## Problem statement
Entries follow. Give back exactly the lines starting at the one containing "Zrkadlo LED 70cm" and ending at the one containing "Combo phòng ngủ", and no other lines.

## Task material
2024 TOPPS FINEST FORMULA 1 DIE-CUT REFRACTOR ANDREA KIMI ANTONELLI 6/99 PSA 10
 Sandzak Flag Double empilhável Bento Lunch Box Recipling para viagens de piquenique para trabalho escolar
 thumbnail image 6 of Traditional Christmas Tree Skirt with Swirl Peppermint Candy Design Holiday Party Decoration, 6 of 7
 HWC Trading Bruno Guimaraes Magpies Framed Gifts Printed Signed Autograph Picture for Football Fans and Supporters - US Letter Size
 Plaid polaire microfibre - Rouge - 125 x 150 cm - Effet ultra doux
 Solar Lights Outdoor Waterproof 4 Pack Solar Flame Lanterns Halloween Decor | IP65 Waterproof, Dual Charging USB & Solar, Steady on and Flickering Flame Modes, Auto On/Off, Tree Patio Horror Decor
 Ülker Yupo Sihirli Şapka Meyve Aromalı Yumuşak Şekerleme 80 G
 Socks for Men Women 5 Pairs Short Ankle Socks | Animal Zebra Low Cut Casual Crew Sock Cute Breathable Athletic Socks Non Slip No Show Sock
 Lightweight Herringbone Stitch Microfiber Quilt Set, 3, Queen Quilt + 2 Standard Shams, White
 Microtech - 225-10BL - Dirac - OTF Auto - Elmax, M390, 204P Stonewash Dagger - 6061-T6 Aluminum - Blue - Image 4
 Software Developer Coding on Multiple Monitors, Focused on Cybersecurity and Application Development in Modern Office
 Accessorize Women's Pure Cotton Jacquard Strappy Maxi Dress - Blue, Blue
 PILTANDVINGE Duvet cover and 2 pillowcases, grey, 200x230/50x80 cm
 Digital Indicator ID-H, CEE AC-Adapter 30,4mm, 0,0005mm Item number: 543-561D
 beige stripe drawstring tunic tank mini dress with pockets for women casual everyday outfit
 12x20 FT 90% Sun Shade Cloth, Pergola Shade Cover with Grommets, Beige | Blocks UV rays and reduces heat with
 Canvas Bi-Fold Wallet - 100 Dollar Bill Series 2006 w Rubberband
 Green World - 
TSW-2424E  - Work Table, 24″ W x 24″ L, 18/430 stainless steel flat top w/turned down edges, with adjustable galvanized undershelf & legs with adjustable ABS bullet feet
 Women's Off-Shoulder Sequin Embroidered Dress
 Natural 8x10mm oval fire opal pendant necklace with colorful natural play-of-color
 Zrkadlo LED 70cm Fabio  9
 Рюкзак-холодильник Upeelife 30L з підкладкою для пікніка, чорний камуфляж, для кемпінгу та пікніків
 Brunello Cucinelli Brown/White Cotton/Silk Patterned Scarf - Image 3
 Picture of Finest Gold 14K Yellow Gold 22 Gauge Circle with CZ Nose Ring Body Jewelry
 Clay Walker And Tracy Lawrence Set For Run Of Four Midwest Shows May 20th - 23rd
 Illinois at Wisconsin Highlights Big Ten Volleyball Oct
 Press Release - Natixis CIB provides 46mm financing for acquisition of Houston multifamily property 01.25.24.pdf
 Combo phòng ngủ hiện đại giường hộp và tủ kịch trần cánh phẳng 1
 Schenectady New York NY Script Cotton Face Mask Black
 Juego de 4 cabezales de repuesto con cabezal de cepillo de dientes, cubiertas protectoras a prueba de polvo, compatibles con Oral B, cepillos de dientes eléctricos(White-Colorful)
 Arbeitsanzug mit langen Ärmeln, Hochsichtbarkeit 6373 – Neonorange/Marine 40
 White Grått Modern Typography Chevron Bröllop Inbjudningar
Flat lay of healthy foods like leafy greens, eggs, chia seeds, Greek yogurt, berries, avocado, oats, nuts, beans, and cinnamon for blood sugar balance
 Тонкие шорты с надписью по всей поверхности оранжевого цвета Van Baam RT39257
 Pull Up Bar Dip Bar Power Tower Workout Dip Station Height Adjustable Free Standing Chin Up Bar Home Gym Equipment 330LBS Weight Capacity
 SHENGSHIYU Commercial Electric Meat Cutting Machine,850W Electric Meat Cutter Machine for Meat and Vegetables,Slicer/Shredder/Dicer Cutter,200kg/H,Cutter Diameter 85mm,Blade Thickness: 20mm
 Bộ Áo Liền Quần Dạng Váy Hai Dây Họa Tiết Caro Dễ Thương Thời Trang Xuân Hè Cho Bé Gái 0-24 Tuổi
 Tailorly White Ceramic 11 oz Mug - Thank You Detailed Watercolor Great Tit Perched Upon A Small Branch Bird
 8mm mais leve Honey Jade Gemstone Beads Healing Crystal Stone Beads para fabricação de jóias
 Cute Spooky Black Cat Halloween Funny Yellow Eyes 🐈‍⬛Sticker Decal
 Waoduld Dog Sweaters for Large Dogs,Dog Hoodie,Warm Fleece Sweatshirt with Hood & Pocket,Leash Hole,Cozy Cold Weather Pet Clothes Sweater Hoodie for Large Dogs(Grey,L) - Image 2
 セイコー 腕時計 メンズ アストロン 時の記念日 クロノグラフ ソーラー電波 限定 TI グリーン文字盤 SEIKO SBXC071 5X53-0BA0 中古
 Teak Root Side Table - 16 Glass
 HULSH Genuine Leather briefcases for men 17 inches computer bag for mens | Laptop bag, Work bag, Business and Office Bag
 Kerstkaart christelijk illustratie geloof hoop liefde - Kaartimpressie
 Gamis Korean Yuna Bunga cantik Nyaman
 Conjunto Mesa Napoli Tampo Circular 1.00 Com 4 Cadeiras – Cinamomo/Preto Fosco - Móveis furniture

## Worked solution
 Zrkadlo LED 70cm Fabio  9
 Рюкзак-холодильник Upeelife 30L з підкладкою для пікніка, чорний камуфляж, для кемпінгу та пікніків
 Brunello Cucinelli Brown/White Cotton/Silk Patterned Scarf - Image 3
 Picture of Finest Gold 14K Yellow Gold 22 Gauge Circle with CZ Nose Ring Body Jewelry
 Clay Walker And Tracy Lawrence Set For Run Of Four Midwest Shows May 20th - 23rd
 Illinois at Wisconsin Highlights Big Ten Volleyball Oct
 Press Release - Natixis CIB provides 46mm financing for acquisition of Houston multifamily property 01.25.24.pdf
 Combo phòng ngủ hiện đại giường hộp và tủ kịch trần cánh phẳng 1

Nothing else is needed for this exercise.